Data records:
********

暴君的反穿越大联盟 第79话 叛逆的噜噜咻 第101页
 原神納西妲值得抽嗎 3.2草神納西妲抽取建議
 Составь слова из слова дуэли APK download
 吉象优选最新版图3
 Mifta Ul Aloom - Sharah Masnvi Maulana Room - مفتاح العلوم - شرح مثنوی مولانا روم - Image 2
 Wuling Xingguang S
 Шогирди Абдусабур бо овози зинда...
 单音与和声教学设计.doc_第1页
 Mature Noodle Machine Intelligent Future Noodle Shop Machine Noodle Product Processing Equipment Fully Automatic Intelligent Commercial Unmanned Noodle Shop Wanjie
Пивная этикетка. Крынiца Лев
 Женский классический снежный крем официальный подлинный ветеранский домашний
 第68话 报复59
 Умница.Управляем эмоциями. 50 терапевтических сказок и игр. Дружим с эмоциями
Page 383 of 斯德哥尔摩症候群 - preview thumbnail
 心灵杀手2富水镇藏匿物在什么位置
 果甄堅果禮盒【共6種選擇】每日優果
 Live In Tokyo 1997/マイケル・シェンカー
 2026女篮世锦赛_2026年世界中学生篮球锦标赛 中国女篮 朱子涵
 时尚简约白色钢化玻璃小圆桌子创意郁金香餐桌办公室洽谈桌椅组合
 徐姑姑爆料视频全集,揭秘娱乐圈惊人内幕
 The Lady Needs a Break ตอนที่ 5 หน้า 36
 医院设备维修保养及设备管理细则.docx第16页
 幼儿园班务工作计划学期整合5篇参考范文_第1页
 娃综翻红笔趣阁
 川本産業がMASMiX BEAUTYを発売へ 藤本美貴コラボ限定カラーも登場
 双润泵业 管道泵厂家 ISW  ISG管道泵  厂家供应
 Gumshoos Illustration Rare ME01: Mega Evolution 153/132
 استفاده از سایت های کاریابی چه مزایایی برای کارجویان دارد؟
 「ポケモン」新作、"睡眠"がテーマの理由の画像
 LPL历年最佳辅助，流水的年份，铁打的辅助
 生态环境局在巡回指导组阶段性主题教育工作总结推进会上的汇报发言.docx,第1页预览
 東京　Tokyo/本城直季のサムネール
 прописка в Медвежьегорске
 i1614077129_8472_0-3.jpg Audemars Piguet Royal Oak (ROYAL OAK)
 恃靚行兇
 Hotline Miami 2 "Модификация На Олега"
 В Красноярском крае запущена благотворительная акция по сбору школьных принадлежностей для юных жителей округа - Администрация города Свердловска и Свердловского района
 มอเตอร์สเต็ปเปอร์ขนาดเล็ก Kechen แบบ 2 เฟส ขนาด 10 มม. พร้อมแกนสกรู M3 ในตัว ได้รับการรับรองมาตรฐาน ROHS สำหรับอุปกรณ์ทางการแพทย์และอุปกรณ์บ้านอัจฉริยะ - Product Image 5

********

• WORK ORDER
An exact copy of the lines above between the line holding "徐姑姑爆料视频全集,揭秘娱乐圈惊人内幕" and the line holding "Hotline Miami 2", inclusive, is the whole answer.

• REPLY TO THE EXERCISE
 徐姑姑爆料视频全集,揭秘娱乐圈惊人内幕
 The Lady Needs a Break ตอนที่ 5 หน้า 36
 医院设备维修保养及设备管理细则.docx第16页
 幼儿园班务工作计划学期整合5篇参考范文_第1页
 娃综翻红笔趣阁
 川本産業がMASMiX BEAUTYを発売へ 藤本美貴コラボ限定カラーも登場
 双润泵业 管道泵厂家 ISW  ISG管道泵  厂家供应
 Gumshoos Illustration Rare ME01: Mega Evolution 153/132
 استفاده از سایت های کاریابی چه مزایایی برای کارجویان دارد؟
 「ポケモン」新作、"睡眠"がテーマの理由の画像
 LPL历年最佳辅助，流水的年份，铁打的辅助
 生态环境局在巡回指导组阶段性主题教育工作总结推进会上的汇报发言.docx,第1页预览
 東京　Tokyo/本城直季のサムネール
 прописка в Медвежьегорске
 i1614077129_8472_0-3.jpg Audemars Piguet Royal Oak (ROYAL OAK)
 恃靚行兇
 Hotline Miami 2 "Модификация На Олега"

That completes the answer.